1. Wliere a suit was brought by a bank against three parties as joint makers of a note, and two of the parties pleaded that they were sureties merely and not liable because of certain facts which are alleged, but one of the parties filed no defense, the party last referred to was not incompetent to testify to transactions and communications between himself and the deceased officer of the bank, though such communications tended to establish the defense of the other two parties who pleaded that they were mere sureties on the note sued on. In giving testimony which tended in this case to sustain the defense of the two parties referred to, the witness was not testifying in his own favor. Reed v. Baldwin, 102 Ga. 80 (29 S. E. 140); Kitchens v. Pool, 146 Ga. 229 (91 S. E. 81).

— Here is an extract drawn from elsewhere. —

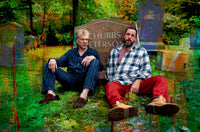 Happy & Shooter Reunion Wall Art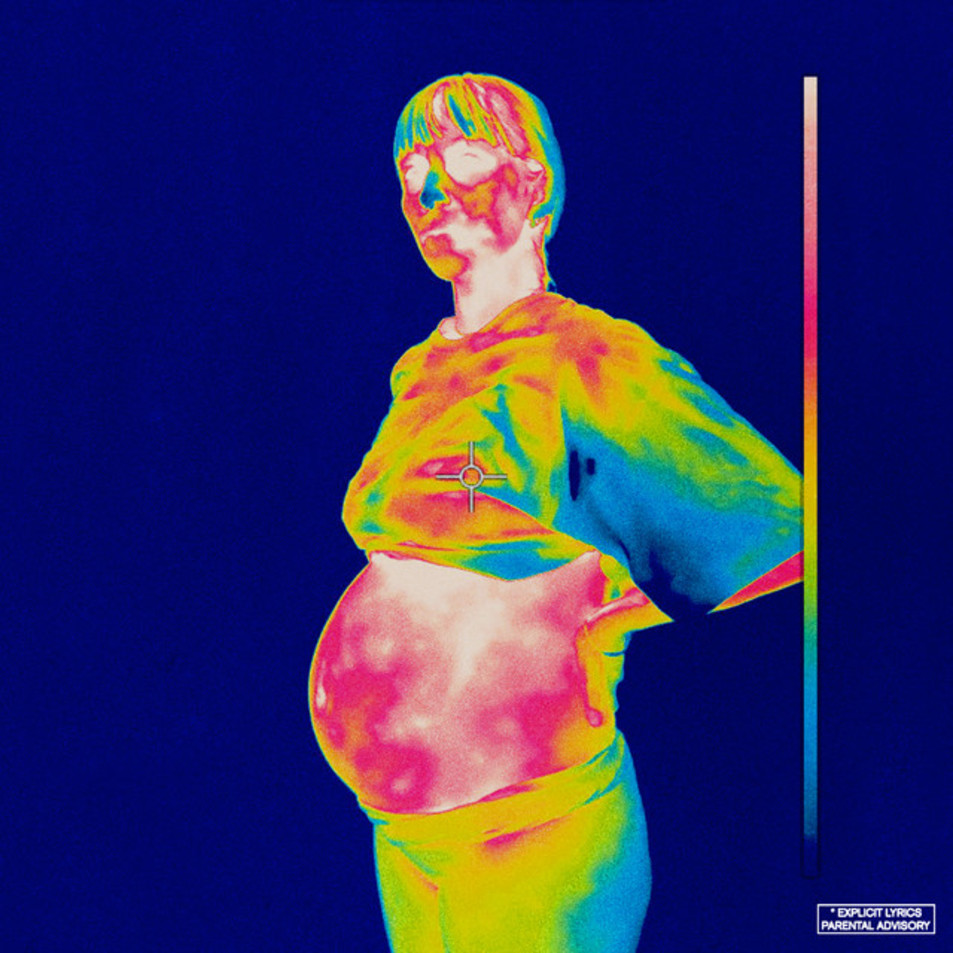 Cartula Frontal de Brockhampton - Iridescence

The foregoing ruling disposes of numerous exceptions to rulings on the testimony of the witness who was a party defendant but made no defense.

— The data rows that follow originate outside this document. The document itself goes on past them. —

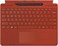 Microsoft Surface Pro X Signature Keyboard with Slim Pen Bundle, With Trackpad, Accelerometer, Backlit, English, Poppy Red   27I-00021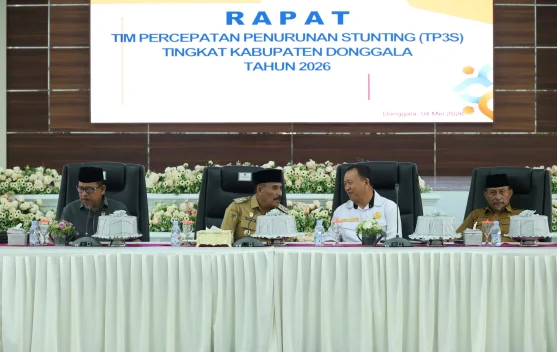 Pemkab Donggala Perkuat Intervensi Gizi Percepat Penurunan Stunting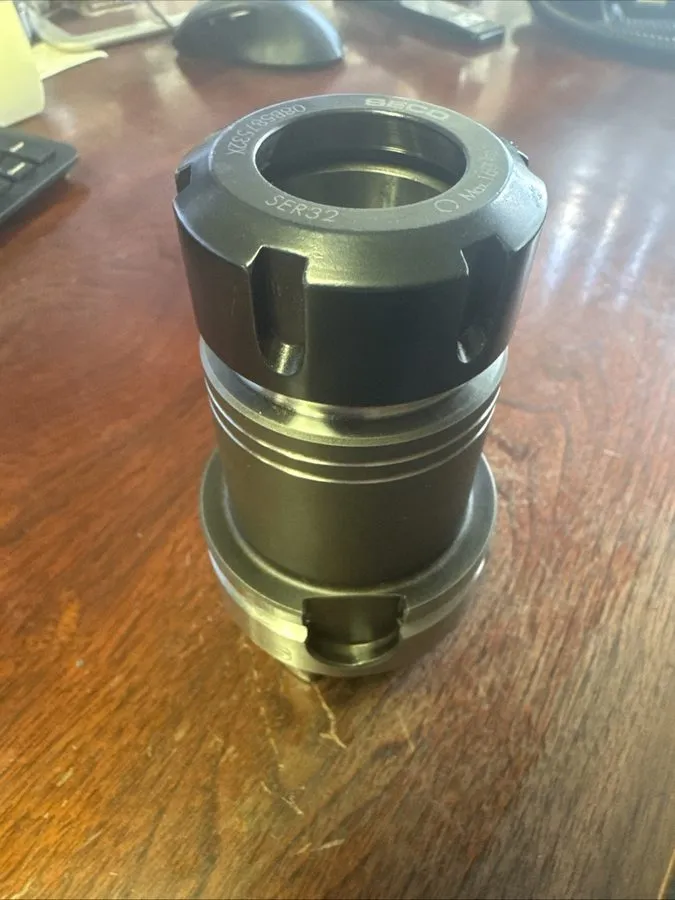 Режущий инструмент HSK63A ER32 Collet Chuck Holder Seco HSKA63-ER32-100 — фото лота 2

2. Where a defendant fails to file a plea or answer at the first term, and the case is marked in default as to him, it is within the discretion of the court, at the second or trial term, to open the default and allow the plea and answer to be filed, although at the time of opening the default and allowing the defendant to plead the jury for that term has been discharged but the court has not adjourned.

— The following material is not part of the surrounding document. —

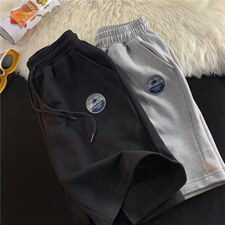DK003男士休闲贴标跑量款沙滩裤短裤夏装男运动跑步篮球裤学生,男装休闲裤,星座115A(原星座507）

3. The court did not err in refusing to receive in evidence the deed referred to in ground 10 of the amendment to the motion for new trial.
4. The exceptions to the instructions in the charge of the court to the jury do not show ground for reversing the judgment refusing a new trial. If other principles should have been charged, the movant should have offered timely requests in writing.
5. There was sufficient evidence to authorize the verdict.
Judgment affirmed on the main bill of exceptions; cross-bill dismissed.
All the Justices concur. J. A. McFarland, for plaintiff. Mitchell & Mitchell and W. F. & W. G. Mann, for defendants.